En efecto, el rol de las grandes cadenas de medios comunicación, escritos y audiovisuales, han actuado no ya como adormecedores de las conciencias, rol que ocuparon en los años de la euforia liberal y de la globalización en los años noventa del siglo pasado, sino como verdaderos panfletos, profesiones de fe liberal que hacen aparecer todos los esfuerzos de reforma económica, política o social como intentos voluntaristas de modificar el orden natural de las cosas.

Sin embargo, todo tiene su historia; el actual ordenamiento económico, social, jurídico y político del país, no es un hecho natural. Se formó primero bajo la dictadura militar y luego, en los años noventa del siglo pasado, durante los gobiernos de la Concertación, bajo la Constitución de Pinochet, los principios de subsidiariedad del Estado y libre competencia; la impunidad de los violadores de los Derechos Humanos y como se ha hecho público últimamente, en connubio con las grandes empresas.

El Programa de gobierno de la Nueva Mayoría tiene, también, su historia. Reivindicarla, recrearla en un ejercicio permanente de reinterpretación es urgente y necesario. Que los partidos que la conforman asuman el debate y entren en contradicción cuando se trata de implementarlo, es no sólo esperable sino necesario.

Si no fuera por esa condición, probablemente el país seguiría detenido en esa somnolencia aburrida, en esa “alegría triste y falsa” de la globalización neoliberal de los años noventa.

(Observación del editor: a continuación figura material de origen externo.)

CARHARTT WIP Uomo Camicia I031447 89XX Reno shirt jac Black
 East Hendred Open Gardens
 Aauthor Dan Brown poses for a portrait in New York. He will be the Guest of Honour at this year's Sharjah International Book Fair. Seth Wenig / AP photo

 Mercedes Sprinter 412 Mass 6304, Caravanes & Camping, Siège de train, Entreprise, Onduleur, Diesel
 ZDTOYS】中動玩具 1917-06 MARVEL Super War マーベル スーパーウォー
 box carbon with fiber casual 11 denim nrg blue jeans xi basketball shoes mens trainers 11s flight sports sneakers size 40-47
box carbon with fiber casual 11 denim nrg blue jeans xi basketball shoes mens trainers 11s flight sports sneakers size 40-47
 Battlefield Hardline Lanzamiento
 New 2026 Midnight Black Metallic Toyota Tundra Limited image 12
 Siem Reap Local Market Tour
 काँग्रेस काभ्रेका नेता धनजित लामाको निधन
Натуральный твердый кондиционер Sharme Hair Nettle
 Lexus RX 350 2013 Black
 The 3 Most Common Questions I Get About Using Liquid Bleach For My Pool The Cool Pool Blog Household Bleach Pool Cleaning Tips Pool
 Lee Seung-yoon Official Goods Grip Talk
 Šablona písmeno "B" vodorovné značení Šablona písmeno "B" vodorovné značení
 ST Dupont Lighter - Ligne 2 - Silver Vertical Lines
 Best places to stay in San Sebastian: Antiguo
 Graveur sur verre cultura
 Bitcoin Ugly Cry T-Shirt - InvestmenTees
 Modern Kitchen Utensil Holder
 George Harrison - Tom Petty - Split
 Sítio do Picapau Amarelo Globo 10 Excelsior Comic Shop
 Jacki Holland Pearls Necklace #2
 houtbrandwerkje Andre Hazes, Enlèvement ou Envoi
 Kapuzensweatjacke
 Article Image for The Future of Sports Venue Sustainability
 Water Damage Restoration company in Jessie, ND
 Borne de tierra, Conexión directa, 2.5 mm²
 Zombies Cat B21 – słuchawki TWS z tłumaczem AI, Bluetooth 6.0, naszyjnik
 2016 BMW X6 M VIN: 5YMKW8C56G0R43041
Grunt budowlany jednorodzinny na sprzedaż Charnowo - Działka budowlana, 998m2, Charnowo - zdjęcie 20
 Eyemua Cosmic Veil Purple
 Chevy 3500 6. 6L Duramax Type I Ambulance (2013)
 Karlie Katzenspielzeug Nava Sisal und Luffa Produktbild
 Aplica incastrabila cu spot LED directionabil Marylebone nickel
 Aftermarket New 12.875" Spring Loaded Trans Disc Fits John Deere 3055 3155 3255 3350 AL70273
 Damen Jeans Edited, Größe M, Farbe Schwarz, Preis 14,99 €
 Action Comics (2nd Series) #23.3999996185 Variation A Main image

Un programa de reforma cultural debe asumir entonces el desafío de poner en debate la historia reciente y  la no tan reciente del país. Porque el programa tiene su historia, que son las luchas del movimiento social y de los sectores interesados en la democracia y el progreso de nuestra sociedad.

Es lo que, por ejemplo, hizo el embajador Eduardo Contreras, generando una campaña desproporcionada por parte de la derecha y sus medios, propia de fariseos y plagada de caricaturas. Es lo que por muchos años hicieron Gladys Marín y Volodia Teitelboim señalando permanentemente los efectos del modelo y denunciando la exclusión generada, entre otras cosas,  por el sistema electoral binominal y la política de los consensos.


Para que una reforma política sea efectiva debe por lo tanto consistir también en una nueva forma de ver el país y la sociedad y de actuar conforme a esa manera de concebirlos. No habrá cambio social efectivo sin un cambio cultural, así como la historia reciente de nuestra interminable transición demuestra que un cambio en los estilos, la pura estética y el tono, no son un cambio cultural ni social.